The 1928 photo of a room full of newspaper publicists in Berlin has intrigued me ever since I first saw it. In 2021, I published the book Passionate Publishers about the three German Jewish refugee émigrés who founded the Black Star photo agency in Manhattan in 1935, and recognized one of them, Kurt Safranski, in the photo. I would like to know the name of each and every one of the publicists in the room, their roles in publishing the news, and their fate following the 1933 Nazi seizure of power in Germany. I have not yet achieved that goal, but I have made some progress towards doing so.

The picture was published on October 5, 1928, and originated from the agency of two photographers, Alfred & Eduard Frankl, in Steglitz, Berlin, ullstein bild media number 06485243. We know that these two photographers were among the most sought after of their day and that many of their photos were published by Ullstein, especially in the widely circulated Berliner Illustrirte Zeitung. The current inventory at ullstein bild approaches about 1,700 original photographs. What were the circumstances that led to this picture?

On Thursday, October 4, 1928, from the staircase of the monumental Ullstein Tempelhof printing plant, an unknown photographer with the A. & E. Frankl photo agency snapped a picture of the room below. The photo, which was published in the next morning’s edition of the Berliner Morgenpost, was filled with about seventy men and women finishing a late breakfast after having received a tour of the Ullstein Tempelhof printing facilities. According to the article accompanying the photo, this was the opening event of a program of activities arranged around the annual meeting of the Association of German Newspaper Publishers being held in Berlin for the first time since the summer of 1911.

What additional information could you learn about the photograph from the newspaper article?

That same article states that as many as 700 members of the association with their wives started the day by visiting the Ullstein Kochstraße building before climbing into twenty-three luxury buses for the ride to Tempelhof (ullstein bild media number 00196110). With the new Ullstein building there having been completed only about two years before this meeting, it is not surprising that a large number of press publicists from Berlin and around Germany were eager to set their eyes on the state-of-the-art facility. Given the strong turnout for the tour, it is very possible that breakfast was also being served to the visitors in the large dining hall in the building. The weather cooperated, with the temperature in the 50s and a slightly cloudy sky, so visitors also might have been outside on the adjacent patio.

The photographer seemingly asked for people to look up at him, and most did just that, some smiling obligingly, others appearing more skeptical. Thus was preserved a unique tableau of leading newspaper publishers and editors in Germany almost one hundred years ago. The atmosphere captured in the photo is one of a strong, largely upbeat crowd. 

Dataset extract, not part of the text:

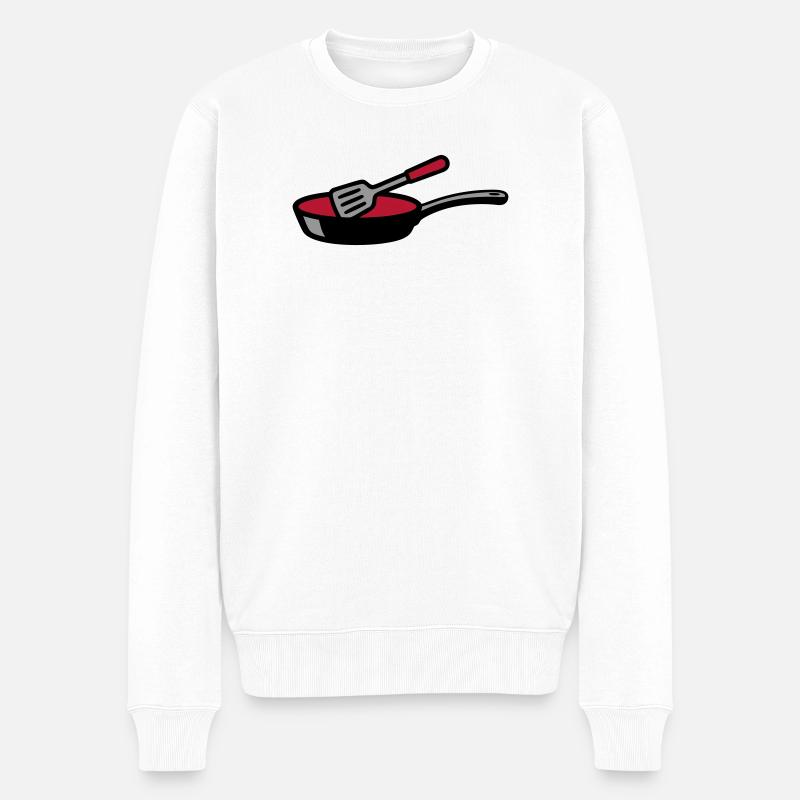 Bratpfanne Kochen Küchenchef Restaurant Gastro - Männer Premium Bio Pullover - Weiß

Can you describe further important circumstances relating to the point in time when this photograph was taken?

During the previous decade, Germans had experienced war, defeat, revolutionary and insurgent activities, and a multitude of devastating economic hardships, including hyperinflation and almost paralyzing reparations obligations. By 1928, it seemed that the worst was behind them. The successful International Exhibition of the Press, the “Pressa,” was opened in Cologne in May and would close on October 14, with both ceremonies led by the city’s Mayor, Konrad Adenauer who survived Nazi persecution and went on to become West Germany’s first chancellor from 1949 to 1963. 

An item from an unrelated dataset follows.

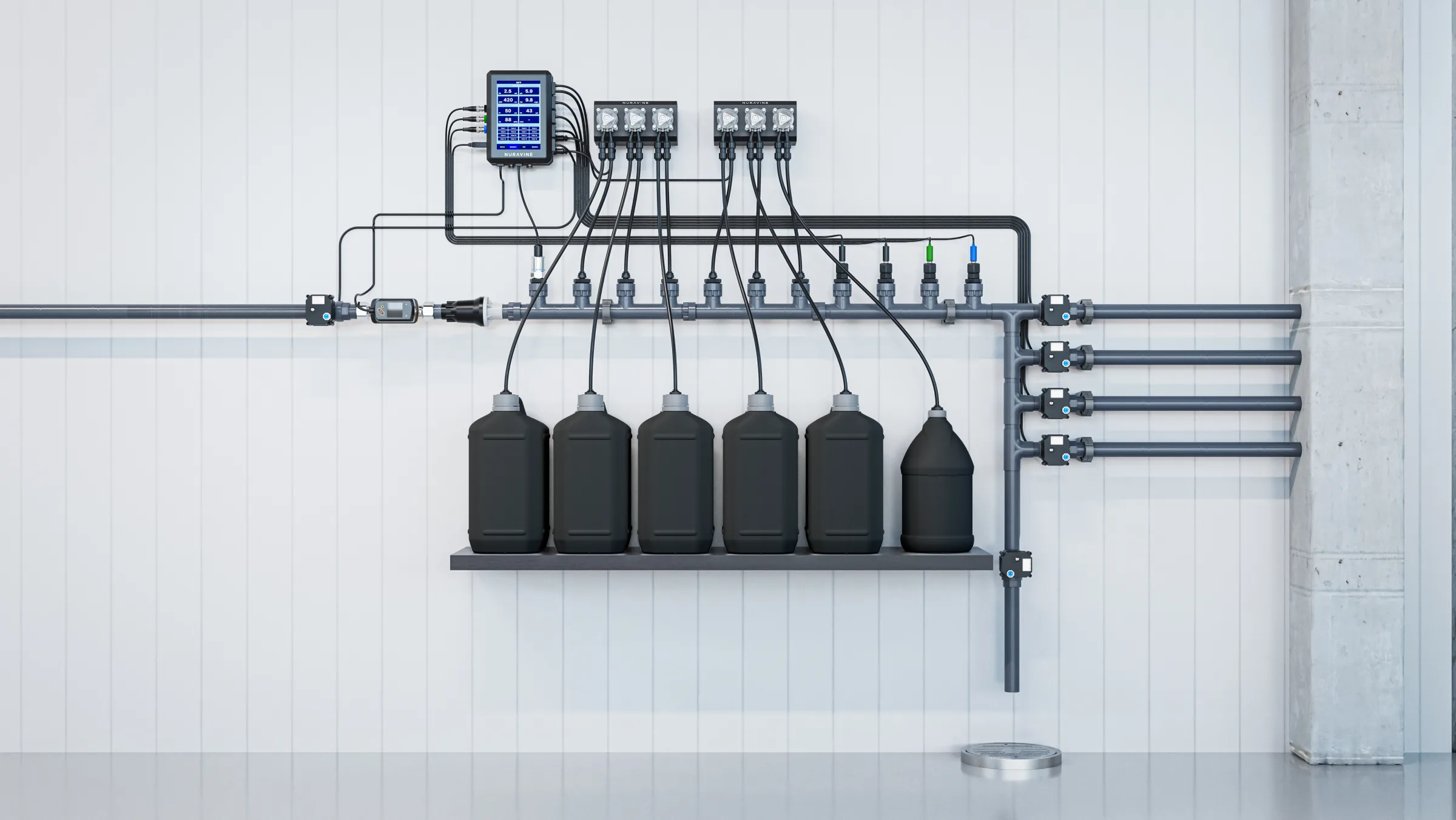Nuravine Aurora II with two Elixir modules inline dosing from six nutrient jugs into a multi-zone system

From October 13-16, 1928, Berlin would be lit up at night in an exhibition called “Berlin im Licht” (Berlin in the Light) organized by the Association of Berlin Merchants and Industrialists, funded by private donations. Floodlight shows, illumination of shop windows and of public streets and buildings as well as neon advertisements in the city would project light through the darkness. Another highlight of the event was the performance of Kurt Weill’s song with Bertold Brecht’s lyrics “Berlin im Licht.” The October 4, 1928, photo in the Ullstein Tempelhof facility reflects that sense of a forward-looking positivity after many difficult years. 

Of course, the people in the 1928 photo were completely unaware that a worldwide depression was just around the corner and that a mere five years later, when the authoritarian Nazi regime swept into power and silenced the free press, many in the room would be deprived of the right to practice their profession, forced out of the country, imprisoned, driven to suicide, killed. More than a few had their newspapers expropriated during the Gleichschaltung or consolidation of the press into a governmentally run racist mouthpiece spewing fake news. Others in the room would manage to continue publishing through the Nazi era and again following Germany’s defeat, even in some cases despite initial prohibition of their postwar participation in the press on the basis of their prior support for Hitler’s regime. 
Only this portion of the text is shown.